# Substitute for Gits Oiler



## cathead (Apr 6, 2017)

Missing several Gits oilers, I fabricated several out of some rifle shells, 30-06 and 44 mag I think it was. 
The 30-06 shell was cut off at a 45 degree angle and carefully silver soldered back together to form 
a right angled oiler.  The cover for the oiler is a 44 Magnum shell swaged out a bit for a good fit.  Maybe
not quite as nice as the Gits but functional and with no expense.  I suppose some would say it is a 
red neck type repair but I kinda like it.   




View media item 96167
View media item 96166


----------



## Terrywerm (Apr 6, 2017)

The age old saying that "necessity is the mother of invention" holds true yet once again!


----------



## FOMOGO (Apr 6, 2017)

I believe Frank Zappa said that. Mike


----------



## Bob Korves (Apr 6, 2017)

How does the oil get past the primers?


----------



## woodchucker (Apr 6, 2017)

You just shoot it in 
Sorry I just couldn't resist


----------



## Randall Marx (Apr 6, 2017)

I like it ALOT! May I steal the idea to use on my stuff?


----------



## cathead (Apr 6, 2017)

Bob Korves said:


> How does the oil get past the primers?




The 44 Mag brass slides over the 30-06 so you pull off the 44 Mag and shoot in the oil.


----------



## cathead (Apr 6, 2017)

Randall Marx said:


> I like it ALOT! May I steal the idea to use on my stuff?




Please do!


----------



## Bob Korves (Apr 6, 2017)

cathead said:


> The 44 Mag brass slides over the 30-06 so you pull of the 44 Mag and shoot in the oil.


Now I get it.  Great idea!


----------



## Ulma Doctor (Apr 6, 2017)

Great idea Cathead!


----------



## darkzero (Apr 6, 2017)

I like it too, cool idea!


----------



## Randall Marx (Apr 7, 2017)

What did you use for the wick inside to slow down the oil?


----------



## cathead (Apr 7, 2017)

Randall Marx said:


> What did you use for the wick inside to slow down the oil?

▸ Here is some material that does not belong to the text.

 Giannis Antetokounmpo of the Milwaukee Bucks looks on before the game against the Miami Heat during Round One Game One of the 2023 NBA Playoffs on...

My Gits oilers didn't have anything to slow down the oil flow but in the past I have cut some round pieces of felt and lined the
tube pushing the felt in a ways so there is room for the felt on top.  Packing the felt  in there slows down the flow of course so
it can be a trial and error thing.   
.


----------



## cathead (Apr 11, 2017)

Here's a little useful information on making some ammunition style oilers.  Go to a shooting range and
collect up a bunch of various  spent cartridges.  (I save brass as occasionally I will need to melt down
for a project).  If you have an inventory of various diameters, you can usually find a necked down diameter
that fits your oiler hole.  I generally cut off the unwanted portion of the shell in the lathe using a 5c collet.
Hack saws generally are too coarse to cut nicely and make a rough edge on the parts.
Sometimes a little machining is needed to fit on an appropriately sized cover or stretch out a shell a little
for a nice fit.  It keeps the chips out of your machines and looks really nice if you keep the brass polished up.
The bottom of a brass shell is a lot thicker so one can machine the cover to fit inside the bottom part by
machining off enough material till it fits inside as shown in the photo.View media item 96319
View media item 96320


----------